- Born: c. 1648 Dauphiné, France
- Died: 21 October 1721 (aged 72–73)
- Allegiance: Duchy of Savoy; Williamite England;
- Branch: Army of the Duchy of Savoy; English Army;
- Service years: c. 1685 – c. 1690s
- Rank: Brigadier-General
- Conflicts: Nine Years' War Battle of Marsaglia; ;
- Spouses: Catherine Oddos de Bonniot; Name unknown (sister or sister-in-law of Capt. Théophile de la Cour Des Brisay);
- Children: 4

= Salomon Blosset de Loche =

Huguenot army officer (c. 1648 – 1721)

Brigadier-General Salomon de Blosset, Seigneur de Loche (c. 1648 – 21 October 1721) was a Huguenot army officer.
==Early life==
Born in the Dauphiné to Paul de Blosset, Seigneur des Eissarts, from a family of Huguenots who had left their original home of the Nivernais during the French Wars of Religion (one of the family, Louis de Blosset who led an attack against Corbigny in 1563 escaped the St. Bartholomew's Day massacre in 1572).

== Career ==
After the Revocation of the edict of Nantes in 1685 Loche at first fought in support of the Vaudois (as his father had done in 1663 ) and at some point came into the service of William of Orange along with many other Huguenot officers.
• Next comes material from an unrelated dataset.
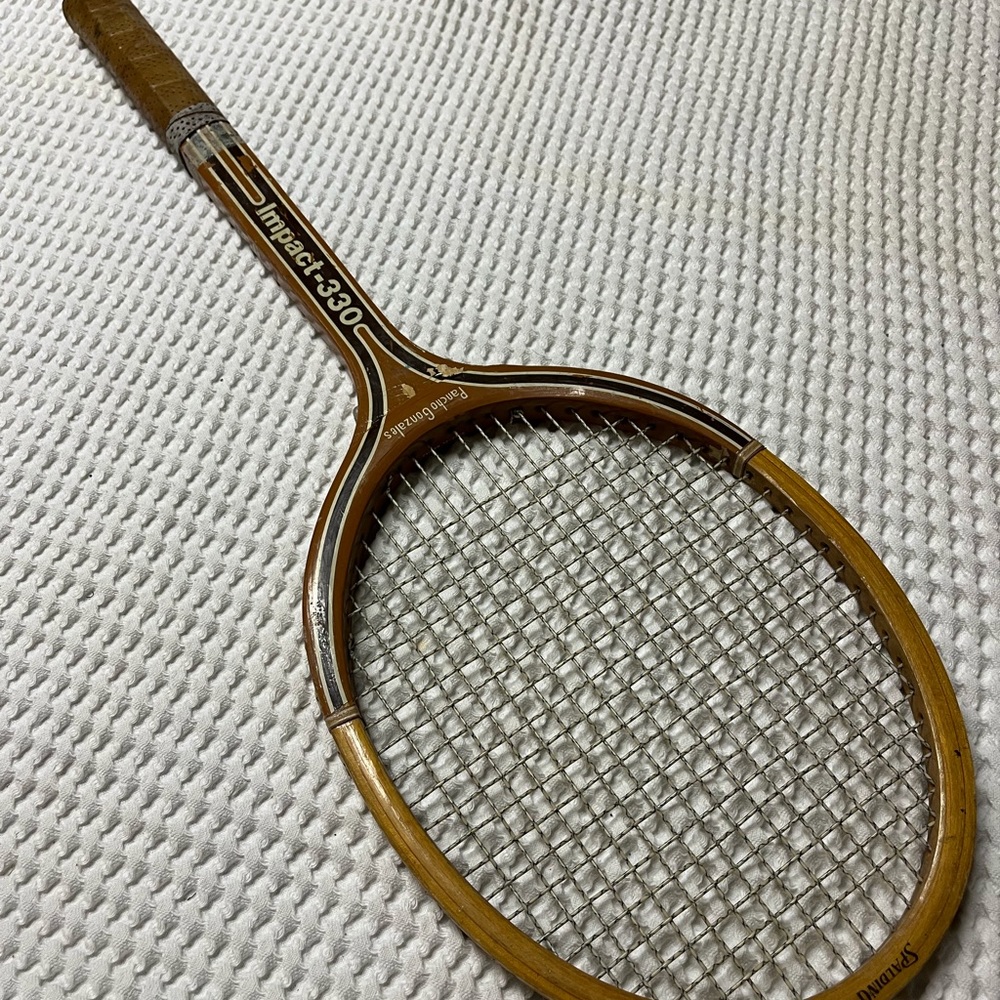 Spalding Pancho Gonzales Impact 330 Vintage WoodenTennis Racquet.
He was recorded as leading a regiment of 800 for the Duke of Savoy on 17 July 1692 and fought at the Battle of Marsaglia in Piedmont on 4 October 1693 (where the Duke of Schomberg's son Charles was killed). He also fought at Brandenburg and in Flanders. As William of Orange became King William III of England, he was granted land in Ireland and settled in Dublin (along with many other Huguenot officers) where he is recorded as receiving 6 shillings per day in pension.

== Personal life ==
He married firstly Catherine Oddos de Bonniot in France and a further time to a sister or sister in law of Captain Theophile de la Cour Des Brisay (whom he named as brother in law and executor in his will). He had four children by his first marriage:

- Colonel Paul de Blosset of Blosset's Regiment of Foot or Blosset's Foot (died 13 November 1719), whose son Solomon Stephen Blosset was ancestor of George Grote and Henrietta, the wife of Henry Jerome de Salis.
- Major Anthony de Blosset
- Captain Salomon or Solomon de Blosset or Blossett married Jeanne daughter of Hector Francois Chataigner de Cramahé from whom descended Colonel John Blossett, and generations of actors beginning with Ethel Lavenu, her son Tyrone Power, Sr. and grandson Tyrone Power.
- Marie de Blosset m. Jacques Teissonière de la Rouvière, Captain of Foot.